Such incentive stock options shall be exercisable for
three (3) years from the date of issuance, and one hundred
percent (100%) of unvested options shall vest immediately
upon the consummation of a Change of Control, as such term
is defined in the immediately following sentence. As used
in this Agreement, the term "Change of Control" shall
mean (i) any transaction or series of transactions in
which any person or group (within the meaning of Rule 13d-
5 under the Exchange Act and Sections 13(d) and 14(d) of
the Exchange Act) becomes the direct or indirect
"beneficial owner" (as defined in Rule 13d-3 under the
Exchange Act), by way of a stock issuance, tender offer,
merger, consolidation, other business combination or
otherwise, of greater than 50% of the total voting power
entitled to vote in the election of directors of Company
(including any transaction in which Company becomes a
wholly owned or majority owned subsidiary of another
corporation), (ii) any merger or consolidation or
reorganization in which Company does not survive, (iii)
any merger or consolidation in which Company survives,
but the shares of Company's Common Stock outstanding
immediately prior to such merger or consolidation
represent 50% or less of the voting power of Company after
such merger or consolidation, and (iv) any transaction in
which more than 50% of Company's assets are sold.
(i) In the event that any payment or benefit
received or to be received by Employee in connection with
a Change of Control, whether payable pursuant to the terms
of this Agreement or any other plan, arrangement or
agreement (collectively, the "Total Payments") is deemed
to be an "Excess Parachute Payment" (in whole or in part)

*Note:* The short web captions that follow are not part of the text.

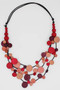 Red Multi Strand Millie Necklace SKU 27232 from Sylca Designs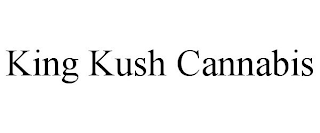 KING KUSH CANNABIS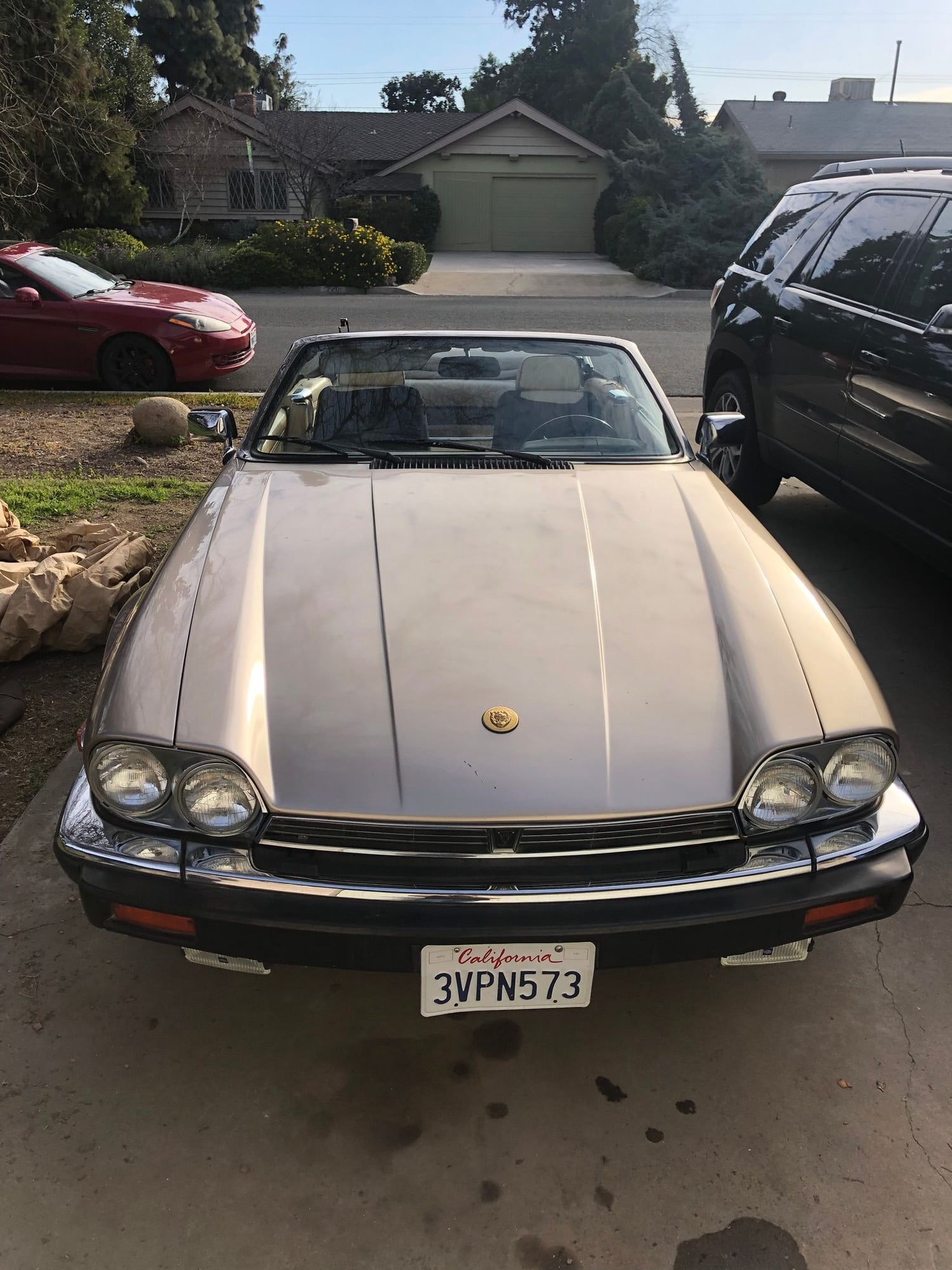 1990 Jaguar XJ12 - 1990 xjs convertible classic collection - Used - VIN Sajtw4845lc176119 - 67,000 Miles - 12 cyl - 2WD - Automatic - Convertible - Gold - Porterville, CA 93257, United States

to Employee as a result of Section 280G and/or 4999 of the
Internal Revenue Code of 1986, as amended (the "Code"), as
in effect at such time, no change shall be made to the
Total Payments to be made in connection with the Change of
Control, except that, in addition to all other amounts to
be paid to Employee by Company hereunder, Company shall,
within thirty (30) days of the date on which any Excess
Parachute Payment is made, pay to Employee, in addition to
any other payment, coverage or benefit due and owing
hereunder, an amount such that Employee's net after-tax
position will be identical to that which would have
obtained had Sections 280G and 4999 not been part of the
Code. For purposes of implementing this Section, no
portion, if any, of the Total Payments, the receipt or
enjoyment of which Employee shall have effectively waived
in writing prior to the date of payment of the Total
Payments, shall be taken into account..
6. Termination of Agreement.
(a) Termination by the Company for Cause. The
Company shall have the right, without further obligation
to Employee other than for compensation previously
accrued, to terminate this Agreement for cause ("Cause")
by showing that (i) Employee has materially breached the
terms hereof, but only if the Employee fails to reasonably
cure such breach within twenty (20) days following the
receipt of notice by Company setting forth the conditions
giving rise to such breach; (ii) Employee, in the
reasonable determination of the board of directors of the
Company by majority vote at a duly called meeting of the
board at which Employee shall have a right to be present
and represented by legal counsel and at least ten (10)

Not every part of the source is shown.